In the case that there is no 4-gram, the algorithm will ‘back off’ and try to find the most frequent 3-gram form the previous 2 words entered. For example, if no one has said ‘the cute puppy (any word)’, the model will use ‘cute puppies’ and might predict ‘and’ as the next word if a sentence such as ‘cute puppies and kittens play’ existed in the data, but none beginning with ‘the’ existed. In this sense, it will back off of the longer 4-gram to a more likely 3-gram phrase.

If nothing is still found, the model will back off until the 1-gram model where is will simply return the highest frequency word in the corpus, which happens to be the word ‘the.’

This type of model works best when trained with very large amounts of data since it is based on the history of words/phrases typed in before.

Data Overview

The 3 corpora used for training are comprised of US news, US blogs, and US twitter feed text files weighing in at 196, 200, and 159 megabytes (MB) respectively.

Preparation

The raw lines were first read in. Examining the lines showed that each line was a blog/tweet/news article could contain multiple sentences, so line data were tagged and separated into sentences using the Apache OpenNLP Maxent sentence detector before removing punctuation.

This was ensure that the n-grams were built from individual sentences. OpenNLP’s Maxent detector was chosen to because it could take into account mid-sentence punctuation like ‘Dr. Doogie M.D.’ and not split it into several tiny sentences.

Contractions were then shortened (i.e. can’t became cant), then the sentences were stripped of punctuation, numbers, Unicode characters, and whitespace was removed. From here, all n-grams could be created from the sentences.

Summary Statistics

Summary data of the data is provided below. An interesting observation to note is that the twitter data contain more ‘sentences’, but roughly half the average words per sentence. Also, the Twitter data has the largest number of unqiue words, despite the fact that it has the lowest total word count.
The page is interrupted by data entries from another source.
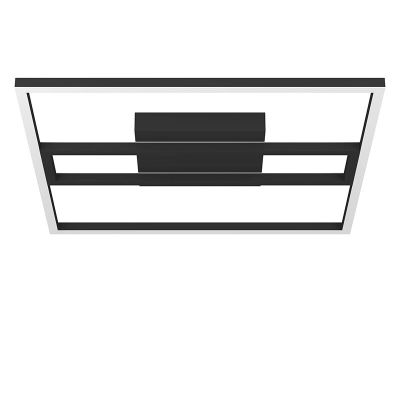 Sort modern smart loftlampe aluminium, Cecilia, 21W, varm til kold hvid justerbar LED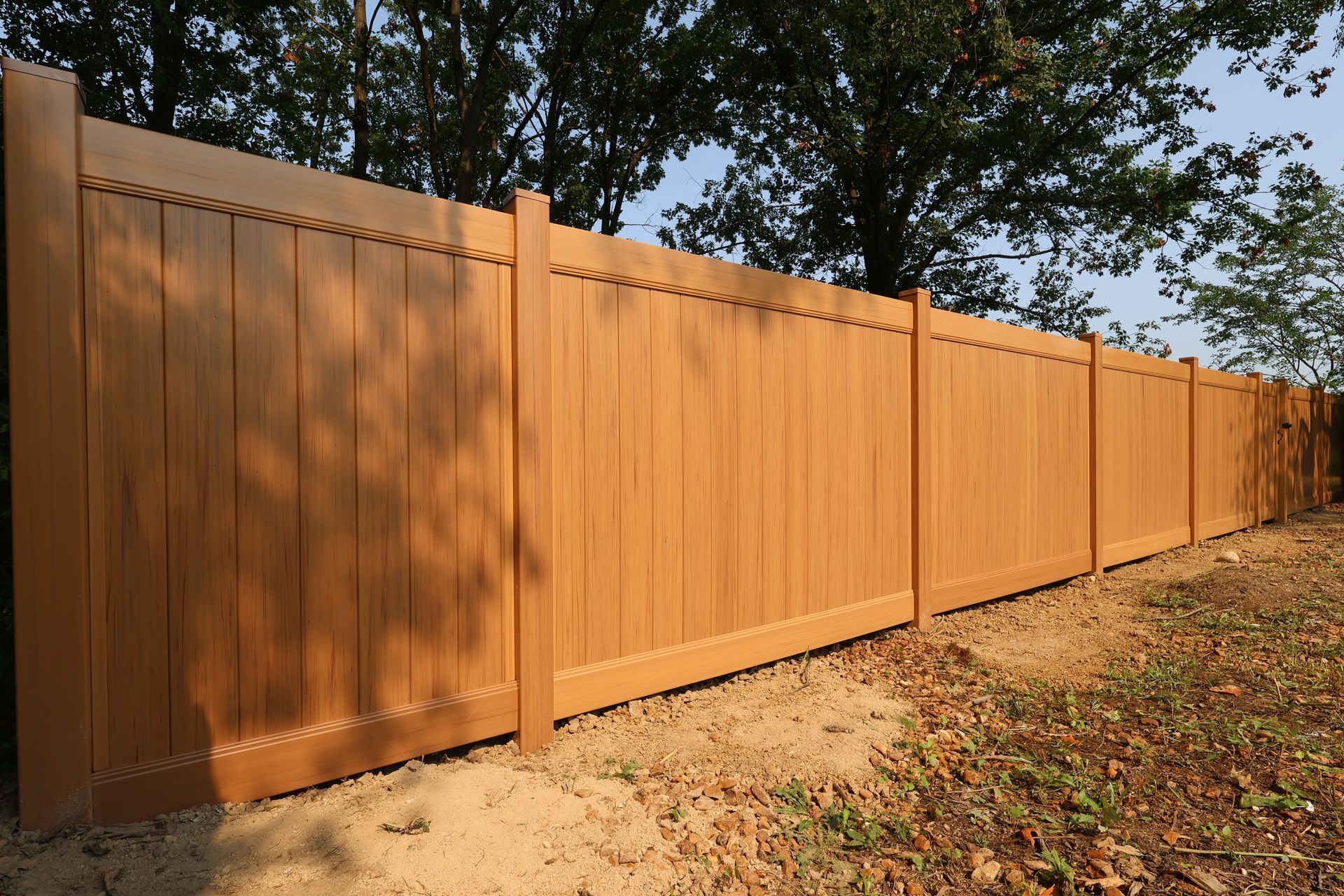vinyl fence installation Illinois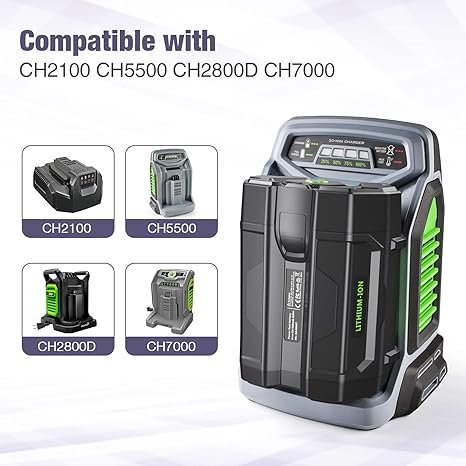 1 C D H 5500mAh 56V Battery Upgrade for EGO Power+ Cordless Tools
plot of chunk unnamed-chunk-3

Source raw_file_size sentences total_words unique_words avg_words_per_sent
1 US Twitter 159 MB 3,616,732 29,849,515 424,997 8.253
2 US Blogs 200 MB 2,310,271 36,815,304 396,954 15.935
3 US News 196 MB 1,910,932 33,465,840 309,293 17.513

Word distributions

Word distribution is also different, with ‘the’ being much more prominent in non-Twitter data. Twitter data also has more references to the self, and more affective language, even after removing the top 25 stop words in the English language.

Top 50 - Blog Top 50 - News Top 50 - Twitter

The distribution of words with the top 25 English stop-words removed are shown below to show more substantive differences in three distributions.

Top 50 - Blog - Stop words Top 50 - News - Stop words Top 50 - Twitter - Stop words

Note: n-gram distributions are not present as this process is still being divided, processed, and recombined.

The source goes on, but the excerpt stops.